From Left: Bill Mead, Connie Lane
Bill Mead and Connie Lane made Campbell Taggart Associated Bakeries the national bakery it was meant to be. In the 12 years under their leadership, Campbell Taggart grew from an agglomeration of regional baking businesses to the second largest baking company in the United States and with a growing international presence. With Mr. Mead’s and Mr. Lane’s guidance, Campbell Taggart, later renamed The Earthgrains Co., was restructured to control costs and improve efficiencies, which led it to become one of the most profitable baking businesses in the country with sales increasing from $31 million to $1.1 billion in just a decade.
Mr. Mead joined the Campbell Taggart team when he sold his family’s bakery, Mead’s Fine Breads, to the business. In 1970, he became chairman of the board and c.e.o. of Campbell Taggart. At the same time, Mr. Lane, who had been with the company since 1947, was named president.
This duo immediately sought to improve operations of the bakeries. They replaced the executive committee of subsidiary presidents with a more centralized organizational structure. Mr. Mead implemented a manager-training program and revised the company’s incentive program to include every employee, from route salesmen to the corner offices. Mr. Lane brought his cost-control analyst experience to the executive level and developed a system that allowed him to monitor the weekly profitability of each bakery. Through his system, Mr. Lane analyzed 60 products by a set of criteria such as pounds of waste per employee and number of unsold loaves.
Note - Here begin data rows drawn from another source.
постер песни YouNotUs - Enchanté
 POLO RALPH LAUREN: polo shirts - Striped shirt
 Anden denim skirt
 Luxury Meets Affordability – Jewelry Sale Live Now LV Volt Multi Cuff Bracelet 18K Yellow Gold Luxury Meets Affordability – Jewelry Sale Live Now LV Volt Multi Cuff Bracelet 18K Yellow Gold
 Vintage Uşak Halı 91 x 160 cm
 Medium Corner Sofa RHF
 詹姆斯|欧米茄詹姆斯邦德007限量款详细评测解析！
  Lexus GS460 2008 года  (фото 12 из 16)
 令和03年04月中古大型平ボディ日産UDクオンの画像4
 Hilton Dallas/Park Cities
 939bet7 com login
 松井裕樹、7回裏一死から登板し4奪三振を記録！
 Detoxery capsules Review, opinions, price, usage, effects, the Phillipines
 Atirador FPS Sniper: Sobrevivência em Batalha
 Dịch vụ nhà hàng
This attention to detail enabled Campbell Taggart to weather difficult seasons in the industry with the capital to invest in new ventures.
With the U.S. business securely centralized and efficiently operating, Mr. Mead and Mr. Lane turned their attention abroad. In 1971, Campbell Taggart embarked on a joint venture with Grupo Bimbo, Mexico City, to introduce American-style sandwich bread in Spain. The product was a success, and Campbell Taggart went on to launch similar ventures in Brazil. Under its French subsidiary, Europate, S.A., Campbell Taggart expanded its reach for refrigerated dough products, which it produced under a private label in the United States.
During Mr. Mead’s and Mr. Lane’s tenure, Campbell Taggart successfully answered marketplace demand for whole grain bread with the development and introduction of Earth Grains, a premium brand of whole grain bread and bakery products. Launched in 1975, the Earth Grains brand offset the decline in white bread sales.
In 1982, Campbell Taggart was sold to Anheuser-Busch for $560 million. After a lifetime dedicated to the industry and many contributions to the success of Campbell Taggart, Mr. Lane passed away Oct. 23, 2000, and Mr. Mead passed away April 17, 2006. Their leadership, Mr. Mead’s management program and Mr. Lane’s cost-control strategies helped Campbell Taggart become a leading baking company, took American sandwich bread and refrigerated and frozen dough global, and successfully dived into premium whole grain bread at the beginning of the whole grain trend.